(TASK GOAL)
Among the entries that follow, locate the line with "Sparco SPR1 Chalkboard" and the line with "NaturalSlim Stress Defender". Output those lines and all lines in between, exactly, minus the pictures.

DATA RECORDS section start

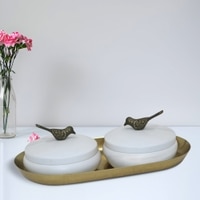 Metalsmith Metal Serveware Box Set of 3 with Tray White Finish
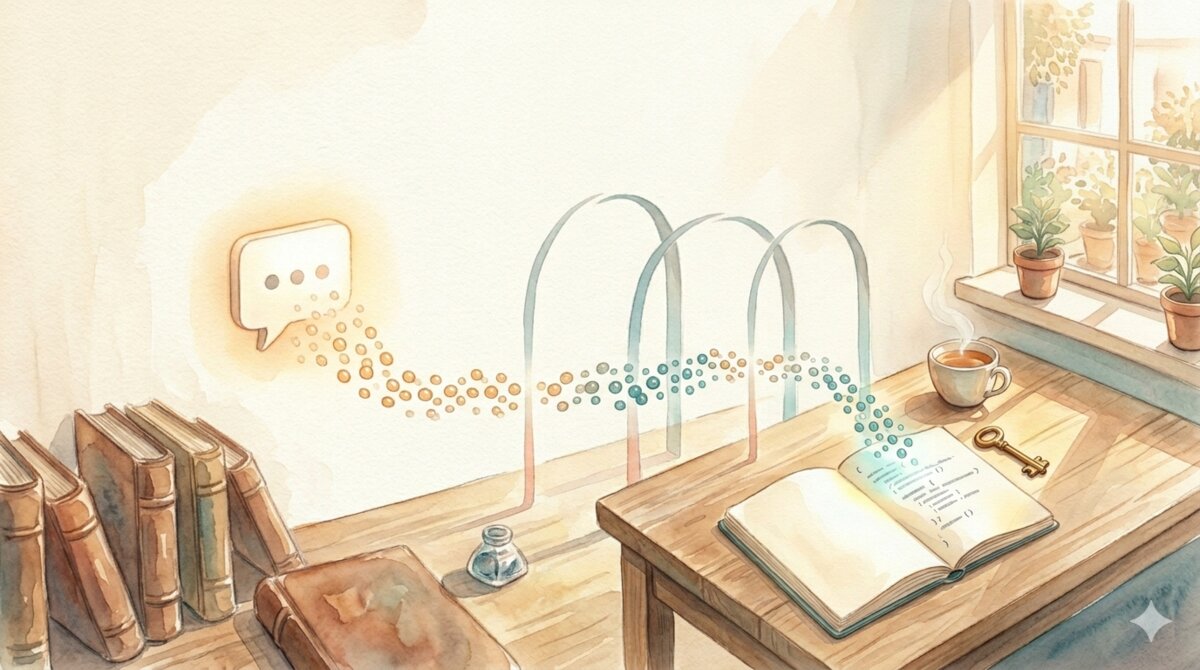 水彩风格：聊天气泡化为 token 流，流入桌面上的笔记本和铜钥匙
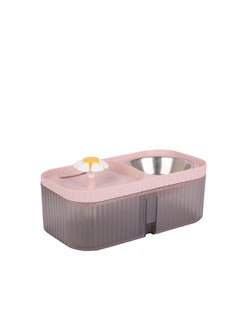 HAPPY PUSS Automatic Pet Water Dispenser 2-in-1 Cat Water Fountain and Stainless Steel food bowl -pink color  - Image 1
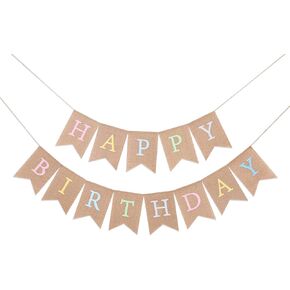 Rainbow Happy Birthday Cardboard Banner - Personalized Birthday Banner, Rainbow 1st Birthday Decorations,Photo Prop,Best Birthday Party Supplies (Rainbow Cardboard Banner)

DATA RECORDS section end
DATA RECORDS section start

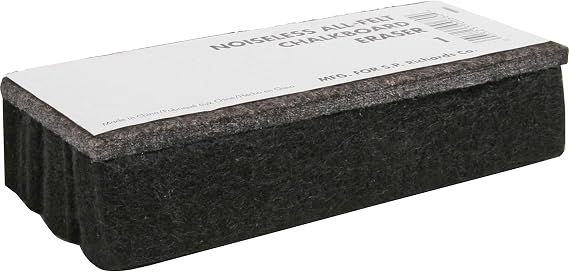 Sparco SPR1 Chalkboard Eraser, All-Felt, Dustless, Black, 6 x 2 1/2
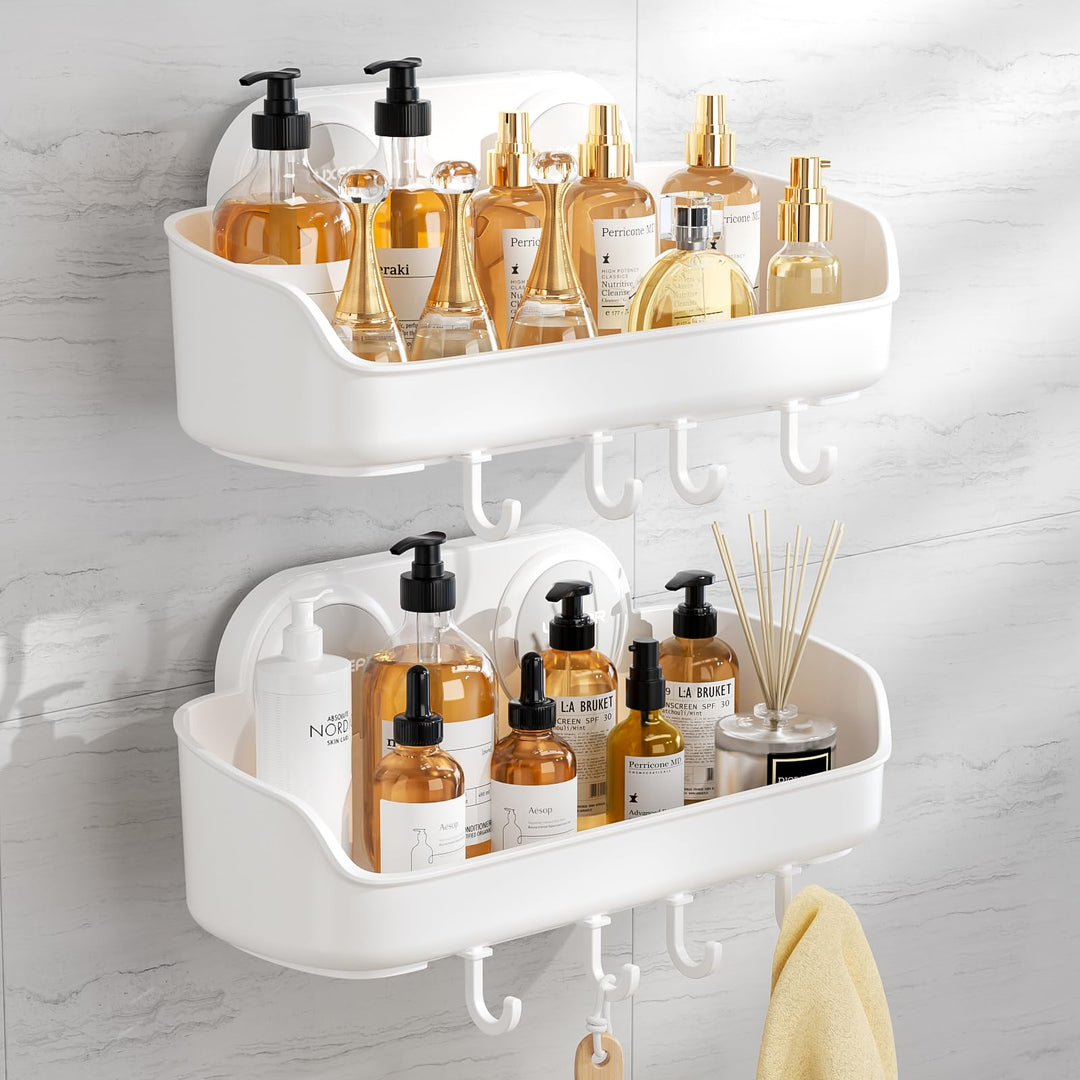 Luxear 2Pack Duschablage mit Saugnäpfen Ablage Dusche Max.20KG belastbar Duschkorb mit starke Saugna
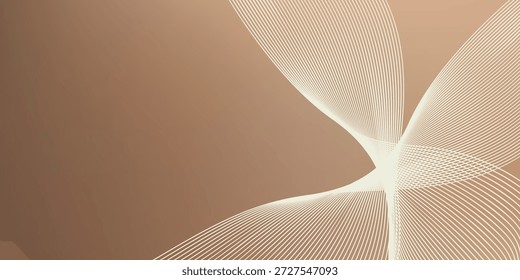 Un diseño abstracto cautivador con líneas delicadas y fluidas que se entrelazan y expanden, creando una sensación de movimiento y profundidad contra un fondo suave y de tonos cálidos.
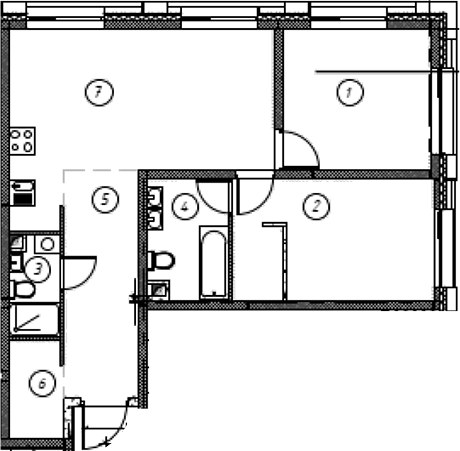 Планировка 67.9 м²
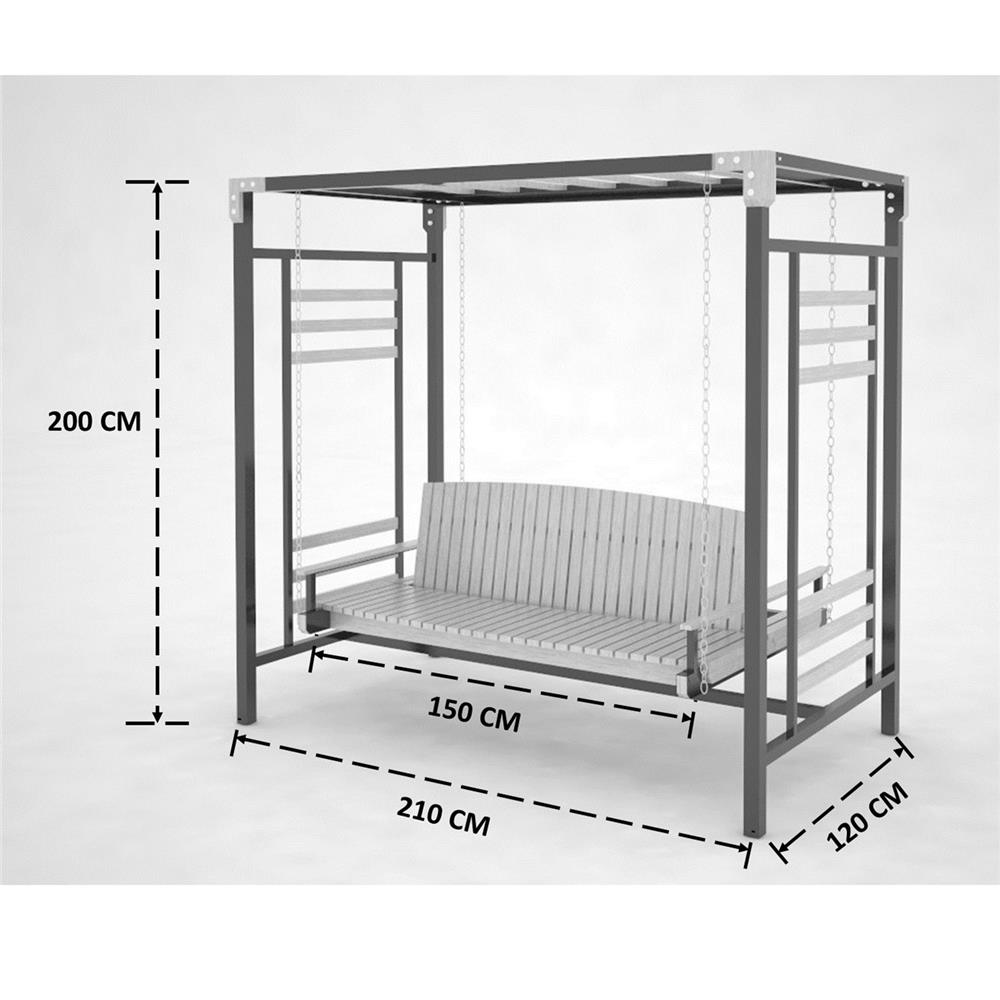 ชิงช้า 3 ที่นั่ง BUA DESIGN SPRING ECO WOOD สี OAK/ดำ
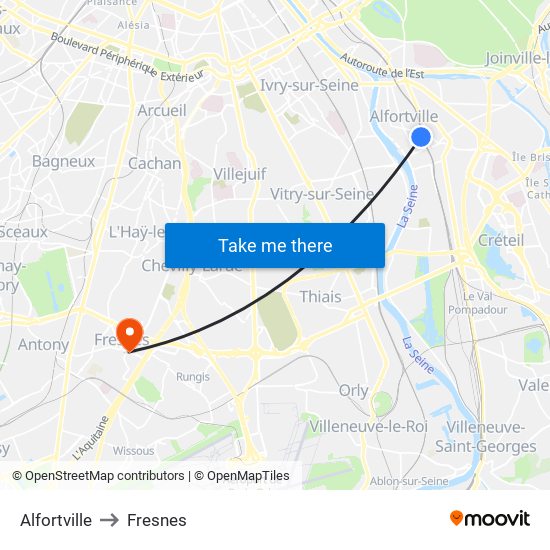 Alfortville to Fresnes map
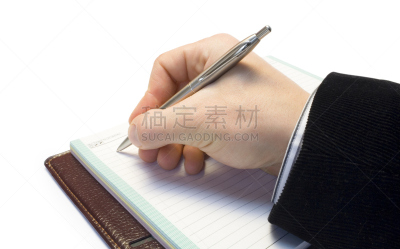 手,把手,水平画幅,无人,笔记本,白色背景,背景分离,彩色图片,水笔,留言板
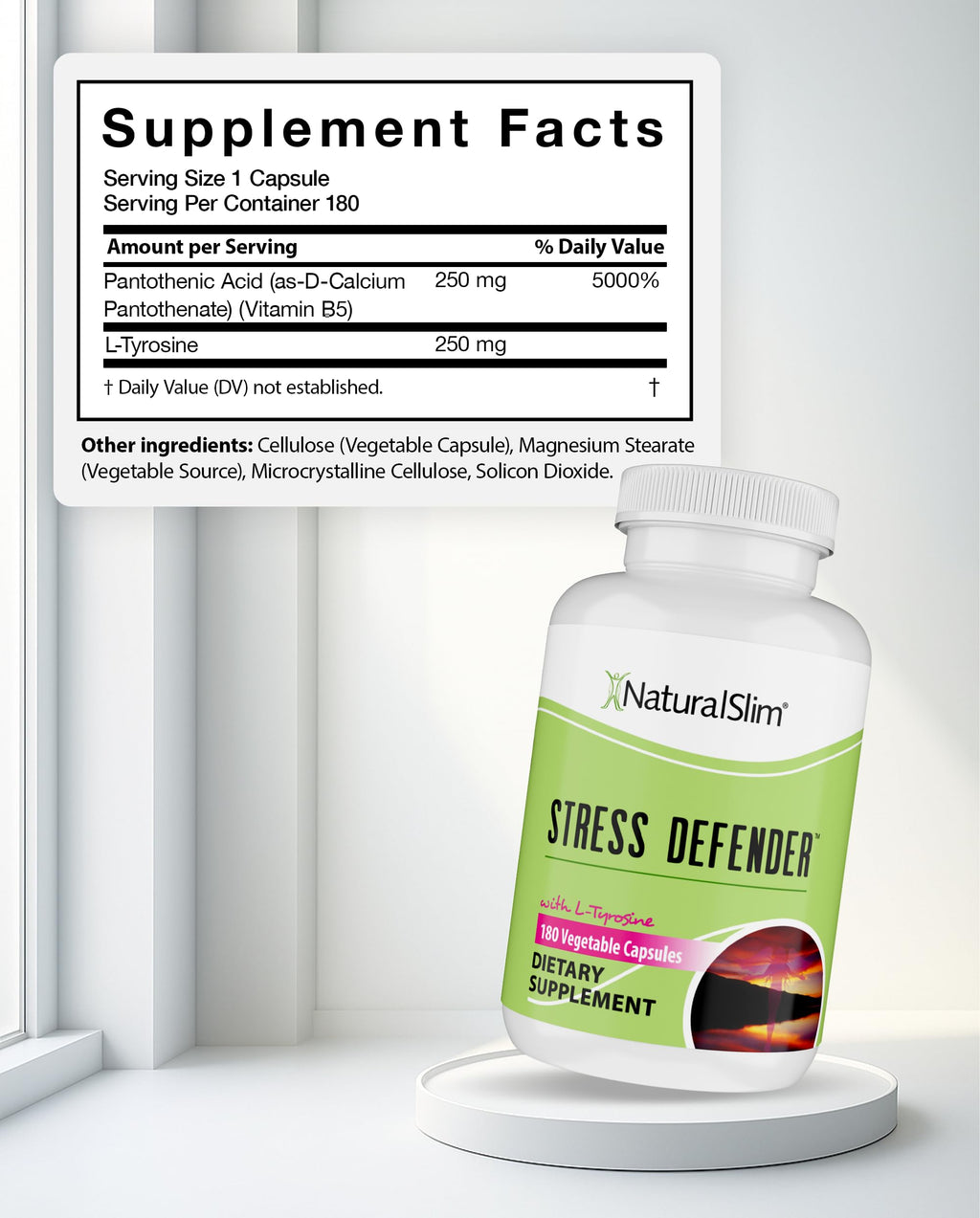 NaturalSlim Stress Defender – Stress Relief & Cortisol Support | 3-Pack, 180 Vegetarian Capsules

DATA RECORDS section end

(ANSWER TO THE EXERCISE)
 Sparco SPR1 Chalkboard Eraser, All-Felt, Dustless, Black, 6 x 2 1/2
 Luxear 2Pack Duschablage mit Saugnäpfen Ablage Dusche Max.20KG belastbar Duschkorb mit starke Saugna
 Un diseño abstracto cautivador con líneas delicadas y fluidas que se entrelazan y expanden, creando una sensación de movimiento y profundidad contra un fondo suave y de tonos cálidos.
 Планировка 67.9 м²
 ชิงช้า 3 ที่นั่ง BUA DESIGN SPRING ECO WOOD สี OAK/ดำ
 Alfortville to Fresnes map
 手,把手,水平画幅,无人,笔记本,白色背景,背景分离,彩色图片,水笔,留言板
 NaturalSlim Stress Defender – Stress Relief & Cortisol Support | 3-Pack, 180 Vegetarian Capsules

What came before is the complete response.